Midnight had come and gone and we had long since finished packing our meager belongings before Glover returned. Jet and Jasper's excitement had not been enough to keep them awake so late, and I collected Jet while Father lifted Jasper's sleeping form into his own arms. Maman, either truly in a desperate faint or in an equally determined one, refused to awaken. Glover, with a glance at Father for permission, picked her up, and it spoke to her sincerity that she did not respond. Pearl, Opal and Flint collected our bags, though there was one too many and Glover said, "If you don't come with us they'll jail you for collusion," to Annalise, who sighed bitterly and took the last bag.

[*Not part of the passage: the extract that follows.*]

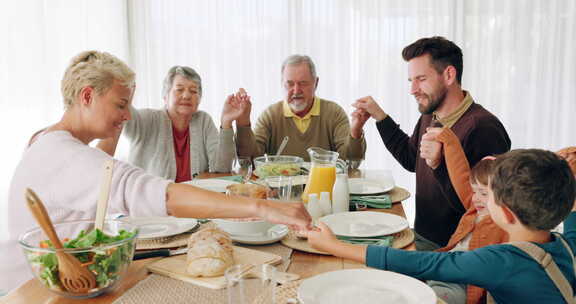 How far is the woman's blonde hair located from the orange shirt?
1.21m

Glover led us out through the servants' stair and halls, our feet treading bare wood that no one of our class had ever walked before, and out a servants' entrance to be met by an enormous, sour-faced nag hitched to a thick, heavy covered wagon. All of us save Glover stopped short in dismay; he climbed with long sure legs over the wagon's tailgate and laid Maman inside before thrusting his head out the bonnet's pinched front. "There was nothing else to be had that would carry ten people. Swiftly, sirs and madams. The watch passes by in another nine minutes, and we do not want to be seen."
Pearl threw her bag in and climbed after with constrained rage. Opal moved more quietly, as if already tired—as well she should be, in the early small hours of the morning—and Glover took Jasper from Father, tucking him into the same small bed on the wagon's floor that Maman was already settled in. Jet was placed between them, and I offered Annalise a hand up. She stared at me sullenly, then took my offer in a fit of pique and flung herself against the back of the wagon as Flint climbed in and Opal tucked blankets around the trio sleeping on the floor.

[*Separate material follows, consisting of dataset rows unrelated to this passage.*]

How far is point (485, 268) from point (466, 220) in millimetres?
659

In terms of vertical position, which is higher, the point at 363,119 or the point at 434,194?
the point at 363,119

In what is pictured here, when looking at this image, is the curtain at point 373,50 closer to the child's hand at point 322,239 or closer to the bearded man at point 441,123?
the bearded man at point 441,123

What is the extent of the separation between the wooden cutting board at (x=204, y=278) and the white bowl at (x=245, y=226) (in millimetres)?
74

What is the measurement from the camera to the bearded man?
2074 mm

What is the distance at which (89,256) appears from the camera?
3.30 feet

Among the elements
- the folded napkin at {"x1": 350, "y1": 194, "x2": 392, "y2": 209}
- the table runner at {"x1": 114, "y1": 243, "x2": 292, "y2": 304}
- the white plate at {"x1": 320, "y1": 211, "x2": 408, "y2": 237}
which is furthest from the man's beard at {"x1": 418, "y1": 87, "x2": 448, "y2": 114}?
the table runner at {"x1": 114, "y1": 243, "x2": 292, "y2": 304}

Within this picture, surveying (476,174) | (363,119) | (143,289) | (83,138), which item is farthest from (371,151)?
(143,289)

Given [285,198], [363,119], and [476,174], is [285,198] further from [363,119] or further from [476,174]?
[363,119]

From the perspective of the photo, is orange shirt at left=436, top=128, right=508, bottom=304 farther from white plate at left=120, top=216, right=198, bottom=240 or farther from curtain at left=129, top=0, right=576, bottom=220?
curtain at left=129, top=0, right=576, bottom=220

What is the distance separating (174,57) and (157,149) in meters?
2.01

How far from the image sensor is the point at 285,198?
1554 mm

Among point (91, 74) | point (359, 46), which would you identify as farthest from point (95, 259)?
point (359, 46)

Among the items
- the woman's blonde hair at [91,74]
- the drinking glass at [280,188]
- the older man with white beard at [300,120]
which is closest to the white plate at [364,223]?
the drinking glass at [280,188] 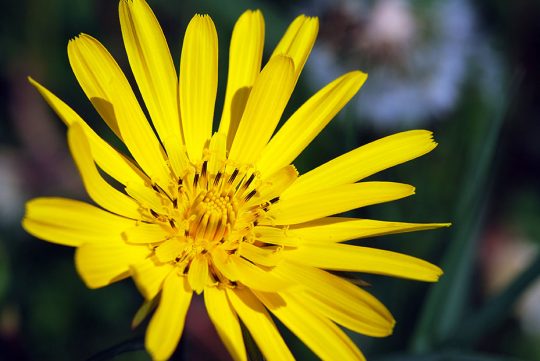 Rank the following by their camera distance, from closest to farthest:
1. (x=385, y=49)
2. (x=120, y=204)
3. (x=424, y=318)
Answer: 1. (x=120, y=204)
2. (x=424, y=318)
3. (x=385, y=49)

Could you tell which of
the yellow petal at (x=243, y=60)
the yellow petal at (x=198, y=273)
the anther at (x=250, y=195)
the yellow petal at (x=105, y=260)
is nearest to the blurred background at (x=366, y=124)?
the anther at (x=250, y=195)

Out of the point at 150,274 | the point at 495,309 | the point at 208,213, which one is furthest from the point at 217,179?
the point at 495,309

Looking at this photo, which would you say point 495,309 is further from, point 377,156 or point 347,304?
point 347,304

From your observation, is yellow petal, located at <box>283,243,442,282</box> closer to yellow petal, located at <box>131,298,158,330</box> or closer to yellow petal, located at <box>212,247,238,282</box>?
yellow petal, located at <box>212,247,238,282</box>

Father joined Glover at the driver's bench, and their low voices exchanged information for a few minutes before Father, expressionless, joined us in the wagon. Glover, who had not retained a driver—how could he—clambered onto the bench, drew the wagon cover closed as tightly as he could behind him, and clicked to the vast black nag, who lurched into motion with a muttered protest.

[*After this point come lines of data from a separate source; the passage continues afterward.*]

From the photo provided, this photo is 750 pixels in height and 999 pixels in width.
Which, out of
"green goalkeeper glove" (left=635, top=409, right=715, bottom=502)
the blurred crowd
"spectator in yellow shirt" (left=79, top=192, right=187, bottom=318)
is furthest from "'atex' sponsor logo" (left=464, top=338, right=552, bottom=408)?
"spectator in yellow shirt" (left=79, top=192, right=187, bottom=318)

I couldn't tell, from inside the snugly covered wagon, what roads he took, only that the cobbles turned quickly to frozen dirt, and that the night watchmen did not hail us. We took blankets from the bags and snuggled together, sleep taking us one by one.
I woke when the wagon stopped just after dawn, and crept through its puckered cover hole to the sounds of the nag slobbering water from a stream. I went a little distance into the wood and squatted to relieve myself, yellow steaming against the snow, then returned to Glover's side. He handed me a tin cup and I scooped from above the horse's watering place, and drank water so cold it made my teeth ache before it slid down to coat my stomach with its chill. I spoke softly, aware of how loud the stream's song was in comparison to the winter morning's silence. "Thank you. You should ride inside for a while. It's freezing."
"And who will drive the wagon?" Glover asked in not-quite-mocking amusement. I gave him a sideways glance, examining his tall, slim form, then gave the nag a better look.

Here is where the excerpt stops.